Juan José HerreraComo si se tratase de una verdad absoluta y no un síntoma de las probabilidades hoy el nombre de Miguel Ángel Osorio está atado a la candidatura priista por la Presidencia de la República.

De tal suerte expertos, columnistas y hasta opinólogos diarios dan por hecho que el exgobernador de Hidalgo será el sucesor de Enrique Peña Nieto, o cuando menos el que compita por dicho anhelo, ante un Andrés Manuel López Obrador mucho mejor posicionado como consecuencia de una perenne y rancia campaña que lleva ya más de 18 años.

No obstante, existen otros sectores donde el cariño por los paisanos no es tan ciego ni fuerte u obligado y que considera incluso esas mismas posibilidades (50/50) de un sí y un no.

La realidad es que Osorio Chong posee un trabajo más que firme con relación al papel que le tocó vivir y sufrir a lo largo de un sexenio que lleva ya algunos meses agonizando y donde el propio presidente no saldrá para nada bien librado, consecuencia de infinidad de errores y cansancios acumulados.

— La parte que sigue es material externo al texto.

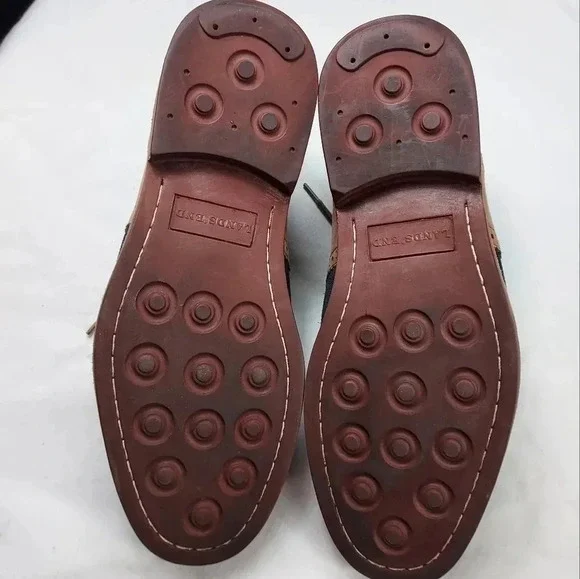 Land's End Mens Tan Leather and Blue Suede Lace Shoes Size 9 - Picture 3 of 14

No hay que olvidar tampoco que uno de los mejores interlocutores de Peña Nieto, desde antes inclusive de conocerse que sería candidato, fue precisamente Osorio, responsable de lograr el consenso magistral entre gobernadores y competidores para llevar al mexiquense al poder.

Esa relación (Peña-Osorio) fue construida desde que ambos eran mandatarios estatales, amistad sustentada y engrandecida por reuniones privadas en la Exhacienda de la Concepción o en el propio Palacio de Gobierno de Hidalgo, desde donde hubo amarres y promesas validadas conforme el paso del tiempo.

Pero de ser cierto que, como ya supuestamente lo expresó Peña Nieto, el candidato priista será el que esté mejor posicionado conforme a los resultados de las encuestas que falten, en los tiempos y bajo las formas o protocolos establecidos por su organismo político, bien podría alcanzarla Osorio allende incluso a los afectos; no obstante, también a esas alturas sería válido preguntarle si la querrá, a sabiendas de que su partido está más que vapuleado y ha caído en cuanto a las preferencias electorales.

¿Podría acaso presentarse otro escenario en el que no necesariamente sea Osorio el candidato? ¿Será al final del juego el mismo Peña Nieto quien de verdad decida quién, a pesar de sus resultados como presidente? Tal vez, como en muchas otras ocasiones, habrá un tercero en discordia… y será el menos pensado.